E’ un ragazzo
di 15 anni, dal volto umile e sconsolato. Non guarda mai negli occhi e il viso
si rivolge sempre a terra. Da tre anni è dentro ad Am Sinene la terribile
prigione alla periferia di N’Djamena. Non sorride mai e abbiamo provato ad
avvicinarlo. Il sabato viene sempre alla messa sotto il riparo costruito in
paglia. Piano piano siamo riusciti a conquistare la sua fiducia e si è aperto.
Senza il padre
da ormai diversi anni viene da un villaggio del sud del Ciad. Ha trovato lavoro
nella capitale come garzone.
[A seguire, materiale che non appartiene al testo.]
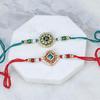 Kaameri Bazaar Rakhi for Brother combo with Sweets - Set of 2 Rakhi with Kaju Katli Gift Pack Greeting Card and Roli Chawal - Rakhi Gift for Brother - Semi precious stone rakhi view 3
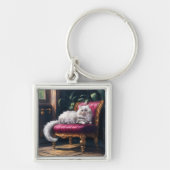 Witte Perzische kat Sleutelhanger (Voorkant)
Pulizie, vigilanza alla casa di alti funzionari. I
quali, non volendo pagarlo, dopo sei mesi hanno pensato bene di accusarlo di
furto e di cacciarlo via. Lo hanno arrestato e percosso al punto che per farli
smettere ha dovuto dire che era colpevole. Ma lui, ci ha davvero confidato, non
ha mai toccato nulla da quella casa.
E così, dopo
la prima udienza col magistrato l’hanno letteralmente dimenticato e
abbandonato. Non sa più nulla del suo destino. Nessuno viene a trovarlo perché
la famiglia è a sud. Ora con un avvocato stiamo cercando di tirarlo fuori e di
restituirgli dignità. Ma intanto Adoumgué è segnato e il suo sguardo perso
testimonia un colpo basso difficile da digerire.
Sono
tantissimi i giovani, ragazzi e ragazze, che lasciano i villaggi per cercare la
sorte in capitale. Dove trovano spessissimo la beffa: violenze e stupri,
stipendi da fame, solitudine. Il sogno della svolta per la loro vita si
infrange ben presto. Contro interessi e poteri forti che nascondono le storie
delle vittime e degli ultimi del mondo.
Ora Adoumgué è
ancora là, ad Am Sinene, ma crediamo per poco. A volte basta soltanto mettere
in moto l’impegno della dignità e fare pressione sulle autorità. Ci stiamo
provando. Ma gli Adoumgué d’Africa e del mondo sono tantissimi e serve un
impegno triplicato da parte di tutti.
Mentre qualcuno
si diverte in Italia e altrove a ingarbugliare il paese e a concentrarsi sempre
e soltanto sulle sue beghe altri, tantissimi, gridano dignità e libertà dalle
prigioni e dagli angoli del mondo. Se alzassimo lo sguardo e aprissimo le
orecchie davvero potremmo insieme ascoltare il dolore del mondo che chiede un
intervento urgente.
Un altro mondo
è possibile, fondato sulla giustizia e sulla verità. Tocca a noi!